Sara la miró con compasión, imaginando que ya sabía que su madre había muerto.

—Nada sabemos de ellos, Eitana. Hace un año se fueron con un grupo de rebeldes. Joel trató de convencerlos y les recordó el destino de su padre. Pero ellos estaban demasiado influenciados por unos sicarios de Gamala, y se fueron con ellos.

—¿A qué?

—No es difícil imaginarlo. En Julias cada vez hay más tensión. Cada vez hay más jóvenes como tus hermanos que piensan en liberar a Israel. Algunos lo hacen en silencio, pero otros corren para esconderse en los caminos, reclutando hombres para luchar contra los legionarios.

Eitana frunció el ceño y negó con la cabeza.

—¡Es una estupidez! —dijo al fin.

—Lo siento, de verdad. —Luego agregó—: Y tu madre…

—Ya lo sé, Sara.

—Fue muy difícil para ella también que tu padre y tú desaparecieseis a la vez.

—Imagino —le dijo con el recelo atascado en su pecho—. ¿Cómo murió?

—De cansancio, Eitana. Tuvo que trabajar mucho. Hace un par de inviernos el frío se le quedó dentro, y no pudo soportarlo. Murió tosiendo sangre. La cuidé todo lo que pude, pero no sabíamos cómo curarla. Perdóname.

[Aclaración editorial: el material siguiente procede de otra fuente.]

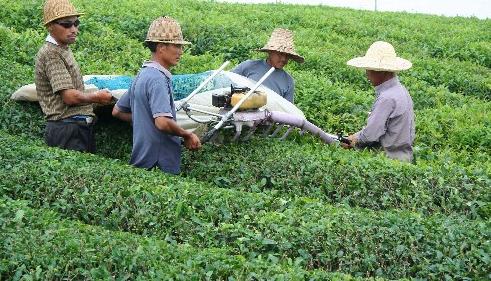 普洱茶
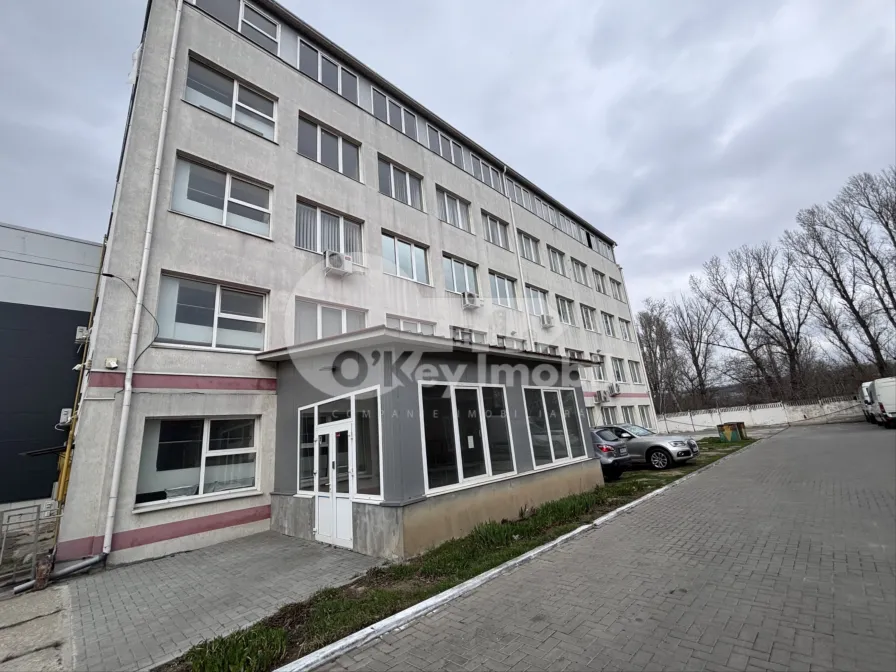 Офис, Буюканы, КОЛУМНА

—No tengo nada que perdonarte. Tú has hecho todo lo que has podido, y yo… —se interrumpió un instante—. Y yo también.

Allí de pie, Eitana sintió que su mundo se tambaleaba, y que el día que se la llevaron de allí no solo acabaron con su niñez, sino también con sus raíces. Fue en aquel momento cuando estuvo completamente segura de ello.

—¿Qué ha sido de ti durante todos estos años? —le preguntó Sara.